[Items listed in a dataset]
· · · ·

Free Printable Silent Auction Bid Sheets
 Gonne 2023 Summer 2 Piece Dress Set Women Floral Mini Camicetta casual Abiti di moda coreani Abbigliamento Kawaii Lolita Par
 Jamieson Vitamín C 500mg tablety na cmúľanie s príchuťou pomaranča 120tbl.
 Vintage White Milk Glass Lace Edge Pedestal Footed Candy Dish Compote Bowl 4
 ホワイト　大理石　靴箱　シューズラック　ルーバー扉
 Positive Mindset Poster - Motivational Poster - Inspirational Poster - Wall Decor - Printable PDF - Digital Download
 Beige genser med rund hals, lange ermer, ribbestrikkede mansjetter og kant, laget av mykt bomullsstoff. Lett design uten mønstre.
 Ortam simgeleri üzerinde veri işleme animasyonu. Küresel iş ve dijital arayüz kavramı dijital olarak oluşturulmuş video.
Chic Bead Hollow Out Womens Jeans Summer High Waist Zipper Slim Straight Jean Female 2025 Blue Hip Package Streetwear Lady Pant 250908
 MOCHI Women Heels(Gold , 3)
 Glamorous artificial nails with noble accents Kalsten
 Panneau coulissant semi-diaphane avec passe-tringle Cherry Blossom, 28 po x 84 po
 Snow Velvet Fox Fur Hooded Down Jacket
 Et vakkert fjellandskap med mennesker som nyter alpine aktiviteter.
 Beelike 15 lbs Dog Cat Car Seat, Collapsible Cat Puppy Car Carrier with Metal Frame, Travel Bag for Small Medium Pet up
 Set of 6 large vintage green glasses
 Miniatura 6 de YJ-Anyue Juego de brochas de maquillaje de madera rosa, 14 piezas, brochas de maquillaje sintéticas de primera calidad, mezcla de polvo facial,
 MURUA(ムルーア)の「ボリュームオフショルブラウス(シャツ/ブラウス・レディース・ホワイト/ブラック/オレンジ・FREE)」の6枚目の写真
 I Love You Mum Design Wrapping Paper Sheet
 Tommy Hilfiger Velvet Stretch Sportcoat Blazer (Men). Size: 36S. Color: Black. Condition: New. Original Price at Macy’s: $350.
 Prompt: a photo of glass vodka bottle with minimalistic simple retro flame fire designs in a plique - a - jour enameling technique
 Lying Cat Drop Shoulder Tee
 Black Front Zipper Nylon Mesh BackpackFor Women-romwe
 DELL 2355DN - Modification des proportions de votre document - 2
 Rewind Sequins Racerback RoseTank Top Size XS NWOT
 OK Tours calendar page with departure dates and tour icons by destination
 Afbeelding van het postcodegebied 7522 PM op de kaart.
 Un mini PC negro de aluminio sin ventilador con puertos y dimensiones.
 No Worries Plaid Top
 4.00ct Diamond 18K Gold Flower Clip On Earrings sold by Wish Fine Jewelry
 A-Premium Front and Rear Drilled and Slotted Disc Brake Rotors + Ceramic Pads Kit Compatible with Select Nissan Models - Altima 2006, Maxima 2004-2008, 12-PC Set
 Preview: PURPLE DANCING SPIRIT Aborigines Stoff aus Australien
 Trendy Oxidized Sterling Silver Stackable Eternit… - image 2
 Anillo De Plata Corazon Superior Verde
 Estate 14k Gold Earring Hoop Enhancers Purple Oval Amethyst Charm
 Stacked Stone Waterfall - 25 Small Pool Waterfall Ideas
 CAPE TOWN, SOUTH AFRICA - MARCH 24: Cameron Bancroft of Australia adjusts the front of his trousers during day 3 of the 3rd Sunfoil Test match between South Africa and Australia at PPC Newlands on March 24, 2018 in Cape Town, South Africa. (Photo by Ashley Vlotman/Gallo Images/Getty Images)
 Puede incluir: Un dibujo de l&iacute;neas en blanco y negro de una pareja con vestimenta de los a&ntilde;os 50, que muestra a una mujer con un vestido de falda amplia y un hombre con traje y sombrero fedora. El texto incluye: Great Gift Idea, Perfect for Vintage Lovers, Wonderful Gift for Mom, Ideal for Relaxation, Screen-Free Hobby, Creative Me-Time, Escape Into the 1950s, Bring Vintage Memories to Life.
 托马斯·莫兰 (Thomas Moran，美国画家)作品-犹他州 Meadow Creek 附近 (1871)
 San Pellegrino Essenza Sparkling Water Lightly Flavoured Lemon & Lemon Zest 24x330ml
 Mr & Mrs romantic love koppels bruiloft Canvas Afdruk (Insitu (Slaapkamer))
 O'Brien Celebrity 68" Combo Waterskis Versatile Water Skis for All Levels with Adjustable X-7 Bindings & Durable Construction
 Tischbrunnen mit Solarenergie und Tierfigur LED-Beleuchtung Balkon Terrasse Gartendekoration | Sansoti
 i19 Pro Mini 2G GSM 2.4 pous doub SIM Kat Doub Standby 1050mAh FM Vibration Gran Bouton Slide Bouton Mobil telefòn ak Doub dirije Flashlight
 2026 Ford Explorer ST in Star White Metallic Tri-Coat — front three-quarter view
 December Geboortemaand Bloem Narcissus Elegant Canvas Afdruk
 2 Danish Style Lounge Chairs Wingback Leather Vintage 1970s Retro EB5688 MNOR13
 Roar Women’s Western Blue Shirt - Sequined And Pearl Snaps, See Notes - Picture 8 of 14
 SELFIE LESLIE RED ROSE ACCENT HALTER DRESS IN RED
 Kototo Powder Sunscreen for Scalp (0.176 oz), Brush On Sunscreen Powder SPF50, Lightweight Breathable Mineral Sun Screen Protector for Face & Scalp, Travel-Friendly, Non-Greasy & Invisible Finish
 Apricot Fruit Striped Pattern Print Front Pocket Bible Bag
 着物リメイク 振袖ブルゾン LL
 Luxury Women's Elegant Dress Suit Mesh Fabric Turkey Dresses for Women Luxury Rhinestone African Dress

· · · ·

## WHAT THIS TASK INVOLVES
Repeat each entry above exactly as it appears.

## EXERCISE RESPONSE
Free Printable Silent Auction Bid Sheets
 Gonne 2023 Summer 2 Piece Dress Set Women Floral Mini Camicetta casual Abiti di moda coreani Abbigliamento Kawaii Lolita Par
 Jamieson Vitamín C 500mg tablety na cmúľanie s príchuťou pomaranča 120tbl.
 Vintage White Milk Glass Lace Edge Pedestal Footed Candy Dish Compote Bowl 4
 ホワイト　大理石　靴箱　シューズラック　ルーバー扉
 Positive Mindset Poster - Motivational Poster - Inspirational Poster - Wall Decor - Printable PDF - Digital Download
 Beige genser med rund hals, lange ermer, ribbestrikkede mansjetter og kant, laget av mykt bomullsstoff. Lett design uten mønstre.
 Ortam simgeleri üzerinde veri işleme animasyonu. Küresel iş ve dijital arayüz kavramı dijital olarak oluşturulmuş video.
Chic Bead Hollow Out Womens Jeans Summer High Waist Zipper Slim Straight Jean Female 2025 Blue Hip Package Streetwear Lady Pant 250908
 MOCHI Women Heels(Gold , 3)
 Glamorous artificial nails with noble accents Kalsten
 Panneau coulissant semi-diaphane avec passe-tringle Cherry Blossom, 28 po x 84 po
 Snow Velvet Fox Fur Hooded Down Jacket
 Et vakkert fjellandskap med mennesker som nyter alpine aktiviteter.
 Beelike 15 lbs Dog Cat Car Seat, Collapsible Cat Puppy Car Carrier with Metal Frame, Travel Bag for Small Medium Pet up
 Set of 6 large vintage green glasses
 Miniatura 6 de YJ-Anyue Juego de brochas de maquillaje de madera rosa, 14 piezas, brochas de maquillaje sintéticas de primera calidad, mezcla de polvo facial,
 MURUA(ムルーア)の「ボリュームオフショルブラウス(シャツ/ブラウス・レディース・ホワイト/ブラック/オレンジ・FREE)」の6枚目の写真
 I Love You Mum Design Wrapping Paper Sheet
 Tommy Hilfiger Velvet Stretch Sportcoat Blazer (Men). Size: 36S. Color: Black. Condition: New. Original Price at Macy’s: $350.
 Prompt: a photo of glass vodka bottle with minimalistic simple retro flame fire designs in a plique - a - jour enameling technique
 Lying Cat Drop Shoulder Tee
 Black Front Zipper Nylon Mesh BackpackFor Women-romwe
 DELL 2355DN - Modification des proportions de votre document - 2
 Rewind Sequins Racerback RoseTank Top Size XS NWOT
 OK Tours calendar page with departure dates and tour icons by destination
 Afbeelding van het postcodegebied 7522 PM op de kaart.
 Un mini PC negro de aluminio sin ventilador con puertos y dimensiones.
 No Worries Plaid Top
 4.00ct Diamond 18K Gold Flower Clip On Earrings sold by Wish Fine Jewelry
 A-Premium Front and Rear Drilled and Slotted Disc Brake Rotors + Ceramic Pads Kit Compatible with Select Nissan Models - Altima 2006, Maxima 2004-2008, 12-PC Set
 Preview: PURPLE DANCING SPIRIT Aborigines Stoff aus Australien
 Trendy Oxidized Sterling Silver Stackable Eternit… - image 2
 Anillo De Plata Corazon Superior Verde
 Estate 14k Gold Earring Hoop Enhancers Purple Oval Amethyst Charm
 Stacked Stone Waterfall - 25 Small Pool Waterfall Ideas
 CAPE TOWN, SOUTH AFRICA - MARCH 24: Cameron Bancroft of Australia adjusts the front of his trousers during day 3 of the 3rd Sunfoil Test match between South Africa and Australia at PPC Newlands on March 24, 2018 in Cape Town, South Africa. (Photo by Ashley Vlotman/Gallo Images/Getty Images)
 Puede incluir: Un dibujo de l&iacute;neas en blanco y negro de una pareja con vestimenta de los a&ntilde;os 50, que muestra a una mujer con un vestido de falda amplia y un hombre con traje y sombrero fedora. El texto incluye: Great Gift Idea, Perfect for Vintage Lovers, Wonderful Gift for Mom, Ideal for Relaxation, Screen-Free Hobby, Creative Me-Time, Escape Into the 1950s, Bring Vintage Memories to Life.
 托马斯·莫兰 (Thomas Moran，美国画家)作品-犹他州 Meadow Creek 附近 (1871)
 San Pellegrino Essenza Sparkling Water Lightly Flavoured Lemon & Lemon Zest 24x330ml
 Mr & Mrs romantic love koppels bruiloft Canvas Afdruk (Insitu (Slaapkamer))
 O'Brien Celebrity 68" Combo Waterskis Versatile Water Skis for All Levels with Adjustable X-7 Bindings & Durable Construction
 Tischbrunnen mit Solarenergie und Tierfigur LED-Beleuchtung Balkon Terrasse Gartendekoration | Sansoti
 i19 Pro Mini 2G GSM 2.4 pous doub SIM Kat Doub Standby 1050mAh FM Vibration Gran Bouton Slide Bouton Mobil telefòn ak Doub dirije Flashlight
 2026 Ford Explorer ST in Star White Metallic Tri-Coat — front three-quarter view
 December Geboortemaand Bloem Narcissus Elegant Canvas Afdruk
 2 Danish Style Lounge Chairs Wingback Leather Vintage 1970s Retro EB5688 MNOR13
 Roar Women’s Western Blue Shirt - Sequined And Pearl Snaps, See Notes - Picture 8 of 14
 SELFIE LESLIE RED ROSE ACCENT HALTER DRESS IN RED
 Kototo Powder Sunscreen for Scalp (0.176 oz), Brush On Sunscreen Powder SPF50, Lightweight Breathable Mineral Sun Screen Protector for Face & Scalp, Travel-Friendly, Non-Greasy & Invisible Finish
 Apricot Fruit Striped Pattern Print Front Pocket Bible Bag
 着物リメイク 振袖ブルゾン LL
 Luxury Women's Elegant Dress Suit Mesh Fabric Turkey Dresses for Women Luxury Rhinestone African Dress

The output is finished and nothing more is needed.